FMX | Connect – www.fmxconnect.com - (Reported 7/16/2010)
Cameron Hanover was included in an email from Jim Collura, Vice President for Gov’t Affairs at the New England Fuel Institute, where he discussed how the financial reform bill will affect the energy industry. Jim was kind enough to highlight some of the more meaningful changes we will see after President Obama signs it into law. Stay tuned for more developments.
- Fully close the "Enron Loophole" by empowering the Commodity Futures Trading Commission (CFTC) with authority over off-exchange (over-the-counter) derivatives markets, and by requiring across-the-board transparency for all derivatives.
- Require that derivatives be exchange-traded or cleared with real-time reporting, reducing systemic risk and market instability and uncertainty. The final bill, unlike previous iterations, would also give the CFTC additional tools to enforce this requirement.
- Provide a narrowly-defined hedge exemption for legitimate commercial end-users to clearing and capital requirements for derivatives.
- Close the "Foreign Markets Loophole" by requiring that foreign boards of trade register with the CFTC if they plan on doing business in our markets.
- Provide the CFTC with additional authority to prosecute fraud and manipulation when it occurs. Since its inception, the CFTC has been handicapped by a less-than-adequate legal standard to prove manipulation, especially when compared to the authority provided other agencies and commissions such as the SEC. As a result, the CFTC has only successfully prosecuted one case over the last 35 years. The new measure will remedy this.

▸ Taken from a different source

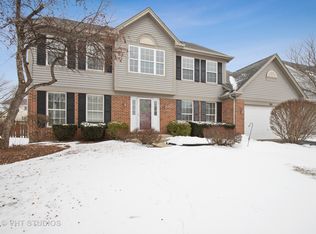 701 Brookstone Rd, Grayslake, IL 60030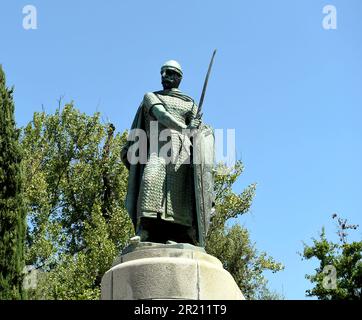 Fotografia di una statua in bronzo di Afonso Henriques, il primo re del Portogallo, fuori del Castelo de Guimaraes, Guimaraes, Portogallo. Un castello romanico in cima alla collina, costruito nel 10th ° secolo per difendere il monastero dagli attacchi di Moors e Norsemen, si ritiene che sia il luogo di nascita di Afonso Henriques. Foto Stock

- Protects commodity trading “whistleblowers” who cry foul when they see fraud, manipulation or other violations of the law occurring.
- Require banks to "spin-off” their energy swaps trading operations into a separately capitalized entity that cannot access federally insured deposits. Other swaps in commodities (except gold and silver), equities and risky credit default swaps are included as well. This is expected to dampen the willingness of Wall Street speculators to take excessively leveraged positions in commodities, including energy.
- Empower the CFTC to set speculation limits in all markets, and requires them to set aggregate speculation limits across all markets.
- Prohibit “insider trading” in commodity futures, options and swaps on government information that is not yet public or otherwise made available to the trading community.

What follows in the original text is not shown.